### Extracted entries
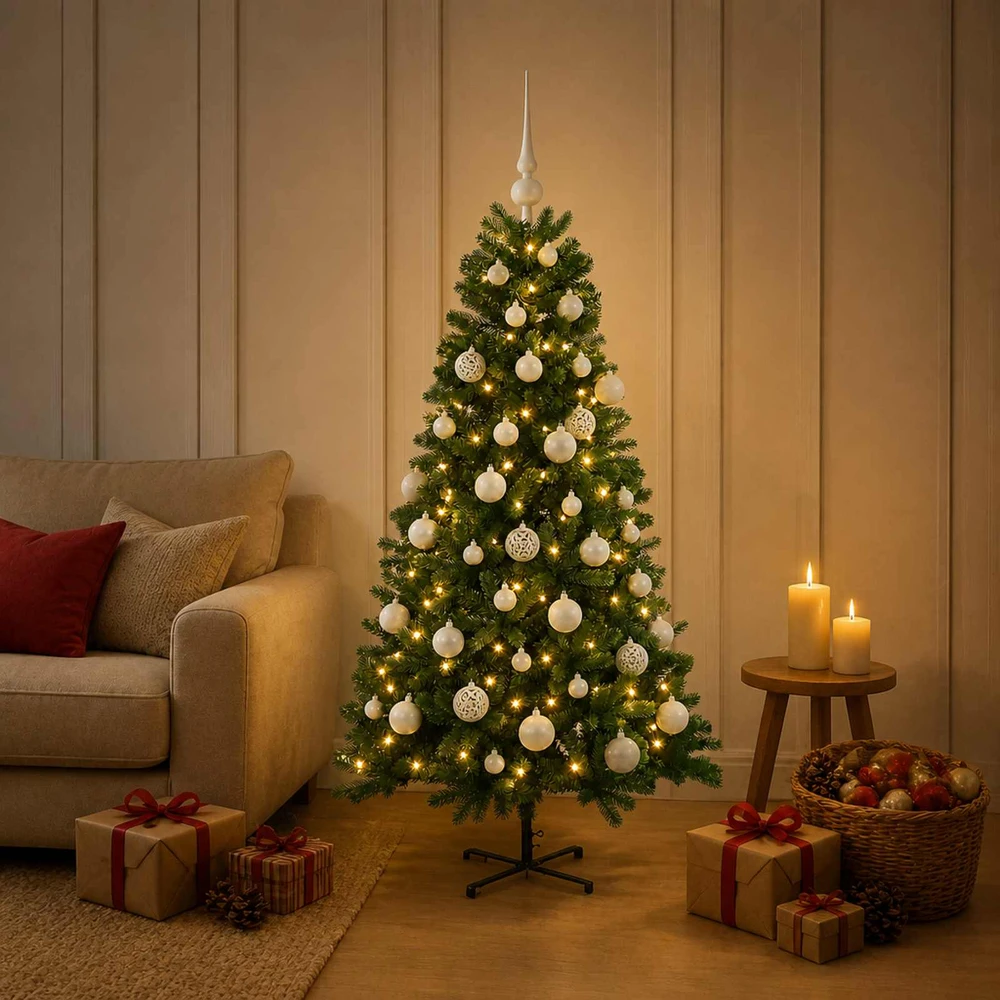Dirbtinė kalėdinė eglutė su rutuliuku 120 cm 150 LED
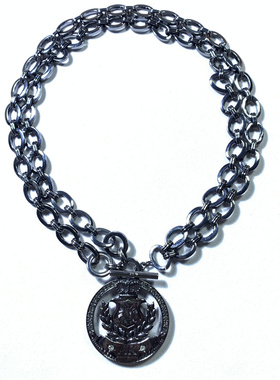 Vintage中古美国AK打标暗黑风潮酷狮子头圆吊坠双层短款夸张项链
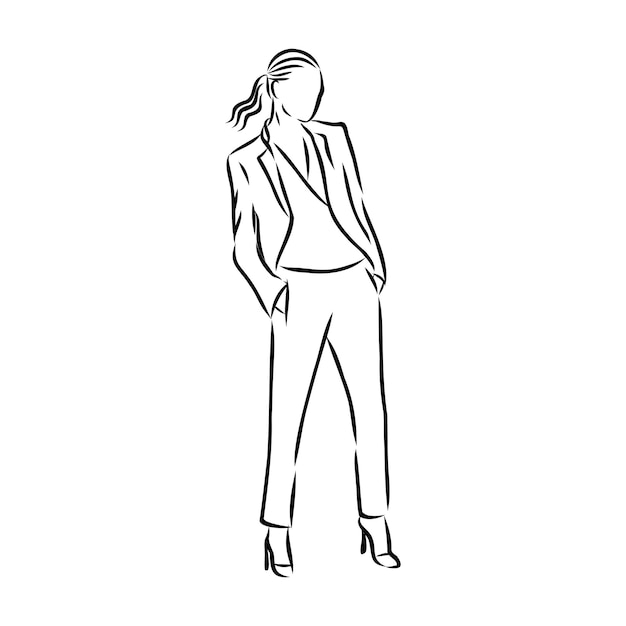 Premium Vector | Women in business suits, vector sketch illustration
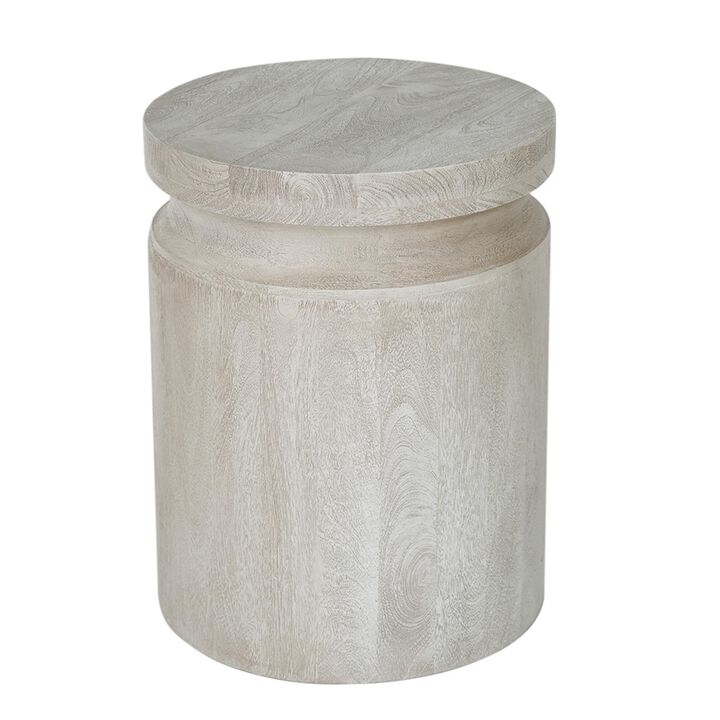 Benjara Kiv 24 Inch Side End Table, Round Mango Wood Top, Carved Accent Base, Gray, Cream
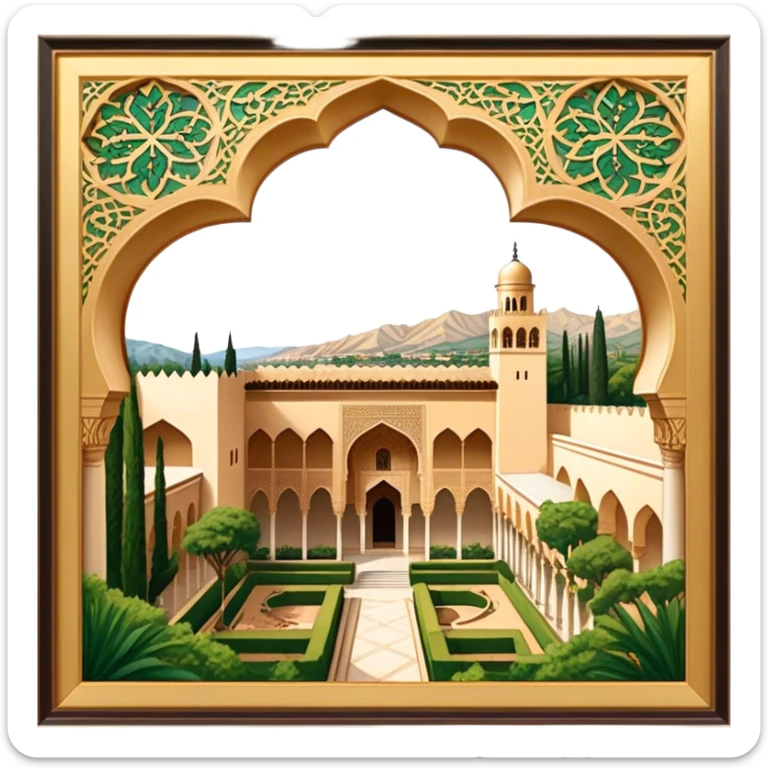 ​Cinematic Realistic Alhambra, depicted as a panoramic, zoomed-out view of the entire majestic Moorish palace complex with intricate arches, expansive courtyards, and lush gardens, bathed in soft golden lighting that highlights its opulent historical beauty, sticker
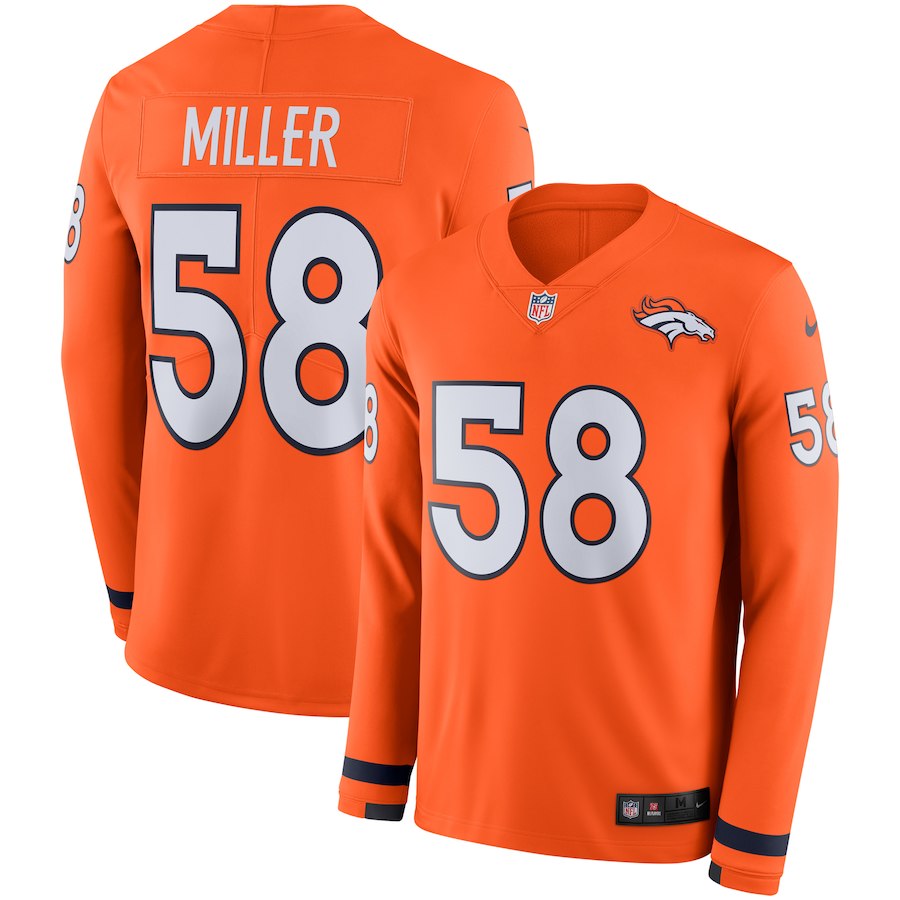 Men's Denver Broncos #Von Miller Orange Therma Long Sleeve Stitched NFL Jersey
######
### Extracted entries
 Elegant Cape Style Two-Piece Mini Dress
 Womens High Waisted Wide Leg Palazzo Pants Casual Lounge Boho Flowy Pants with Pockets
######
* **Work request**
Excluding any pictures, print exactly the lines of the listing above from the line with "Premium Vector |" to the line with "Men's Denver Broncos", both ends included.

* **Solved problem**
 Premium Vector | Women in business suits, vector sketch illustration
 Benjara Kiv 24 Inch Side End Table, Round Mango Wood Top, Carved Accent Base, Gray, Cream
 ​Cinematic Realistic Alhambra, depicted as a panoramic, zoomed-out view of the entire majestic Moorish palace complex with intricate arches, expansive courtyards, and lush gardens, bathed in soft golden lighting that highlights its opulent historical beauty, sticker
 Men's Denver Broncos #Von Miller Orange Therma Long Sleeve Stitched NFL Jersey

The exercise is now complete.